Link do evento: https://goo.gl/5qHaah

Na peça de Shakespeare, Próspero, mago e duque de Milão, é deposto por Antônio, irmão em quem ele confiava plenamente, e colocado em um barco com a filha Miranda para naufragar. Próspero e Miranda, entretanto, chegam a uma ilha quase deserta, habitada apenas por um ser disforme, filho da bruxa Sycorax, Calibã (semente de bruxa que dá título à obra) e por espíritos do ar como Ariel, aprisionado a uma árvore por um feitiço da bruxa. No reconto de Atwood, Felix (um dos possíveis sinônimos para a palavra latina prospero) é deposto de seu cargo de diretor teatral no momento em que está trabalhando em uma montagem de A tempestade, na qual pretende também atuar no papel de Próspero. O responsável por sua demissão do cargo é Anthony (Tony), seu parceiro profissional de muito tempo. Felix havia perdido há pouco sua única filha, ainda criança – também chamada Miranda – e vivia constantemente em memórias, idealizações e projeções sobre a filha morta.

No processo de tradução da obra de Atwood, um dos pontos que se destacou foi o modo como ela cria constantemente novas camadas que dialogam com o original. A autora não apenas se inspira na obra de Shakespeare e a reconta (algumas vezes, inclusive, fazendo alusões a outras peças do Bardo), mas insere a peça em diversas camadas de sua narrativa, criando como que uma rede em que a trama é constituída de vários aspectos de A tempestade.

O primeiro desses aspectos, e provavelmente o mais evidente, está nos nomes dos personagens. De Felix e Tony aos detentos da instituição prisional em que acontece a montagem da peça, há sempre uma aproximação.
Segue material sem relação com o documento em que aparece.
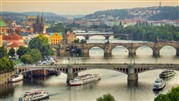 به این دلایل به پراگ سفر کنید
Ariel, o espírito do ar que ajuda Próspero em suas magias, por exemplo, é 8Handz, hacker capaz de invadir espaços virtuais, sensações ilusórias, efeitos especiais.
Uma segunda camada em que A tempestade também se faz presente é a estrutura do texto: os títulos dos capítulos, que de certa forma resumem a jornada de Felix, são retirados, em sua maioria, de cenas da peça de Shakespeare.
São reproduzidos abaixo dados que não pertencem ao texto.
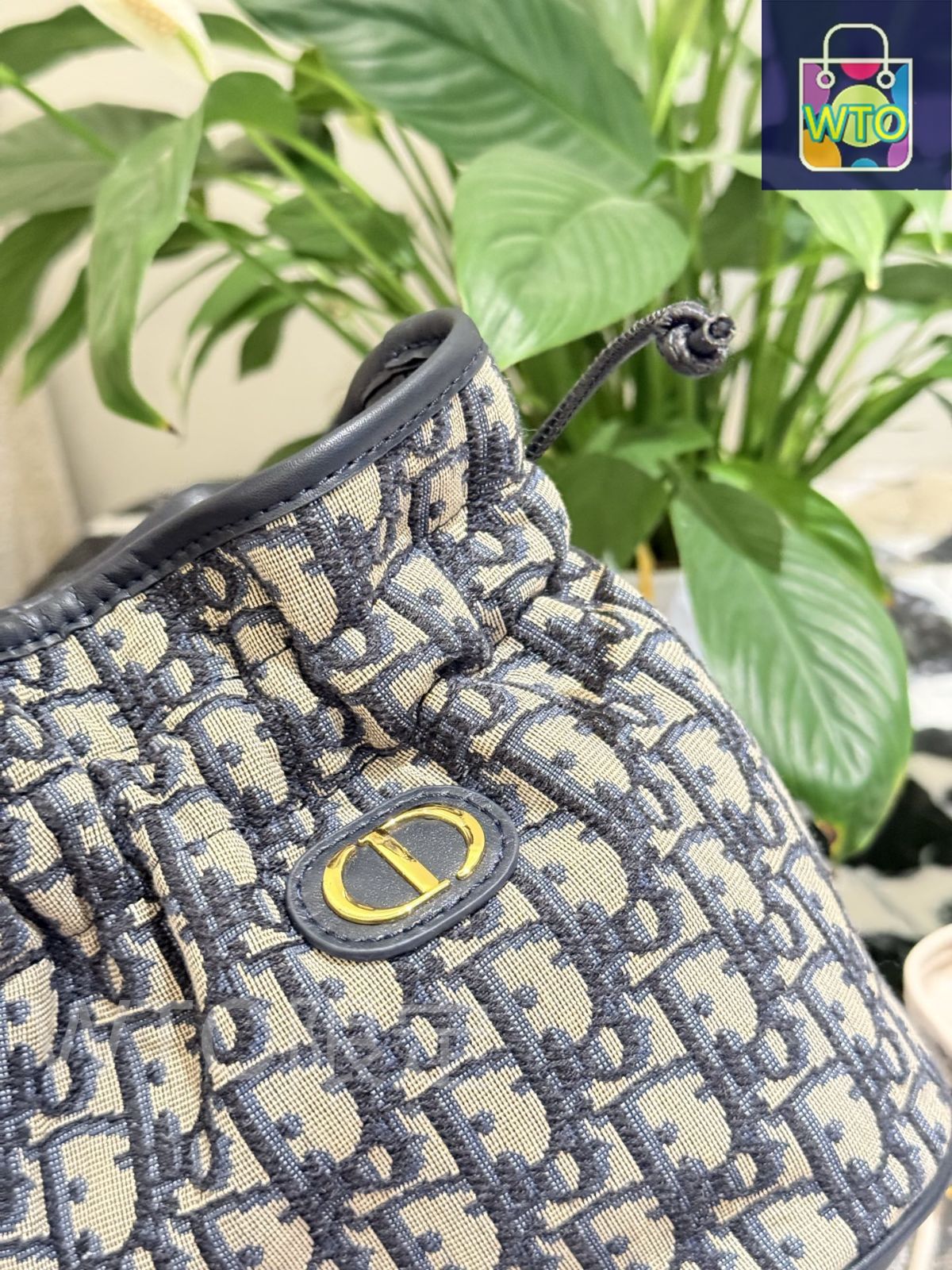 今日特価】DIOR バケットバッグ 2025 New Model-WTO輸入3 - メルカリ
Além disso, a A Tempestade também pontua a narrativa como se fosse uma baliza para a trajetória e os pensamentos de Felix: é a peça que ele dirige e interpreta quando é demitido; é a jornada cujos passos ele revive em seu sentimento de traição e no desejo de vingança; é a trama em que ele busca soluções para seus dilemas, inspiração para suas ideias.
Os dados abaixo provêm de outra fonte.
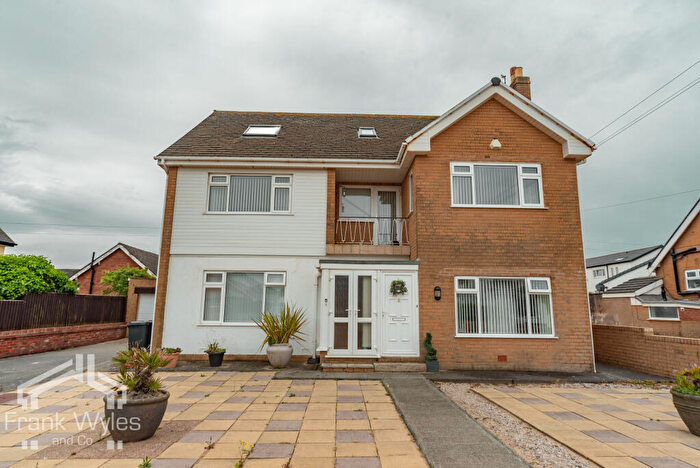 3 Bedroom Maisonette To Rent In Bentinck Road, Lytham St. Annes, Lancashire, FY8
Uma quarta camada em que a peça shakespeariana aparece é na sua interpretação pelos detentos do complexo prisional: como a linguagem, as ideias, a narrativa de Shakespeare falam a leitores dos anos 2010 que não têm profunda intimidade com o autor clássico? Os detentos interpretam os personagens e se reconhecem neles, reinterpretam a linguagem shakespeariana e se apropriam dela em sua vida cotidiana, tornando A tempestade uma obra viva em sua própria experiência de vida.

Além disso, o lado mais emotivo, mais doloroso da peça é o texto que ecoa indefinidamente nas falas, comportamentos e ações imaginárias de Miranda, a filha de Felix. Assim, Miranda, a filha de Próspero, se torna uma espécie de espelho no qual Felix, em sua saudade incessante de sua filha Miranda e em seus sentimentos de culpa e perda, projeta o ideal da filha perdida.

Em toda sua narrativa, Atwood coloca frases inteiras de personagens da peça nas falas e pensamentos de seus próprios personagens. A identificação que se dá entre personagens de uma história e de outra e o modo como algumas contraposições trabalhadas na peça (liberdade/prisão, vingança/perdão, medo/coragem, entre outras) se repetem nas experiências dos personagens do romance é, em si, uma representação da própria circularidade de temas e preocupações das criações literárias e do processo de identificação entre leitores e personagens no ato da leitura. E, então, podemos ler Semente de bruxa como um texto em que Atwood nos fala sobre a escrita, assim como ela lê a peça de Shakespeare.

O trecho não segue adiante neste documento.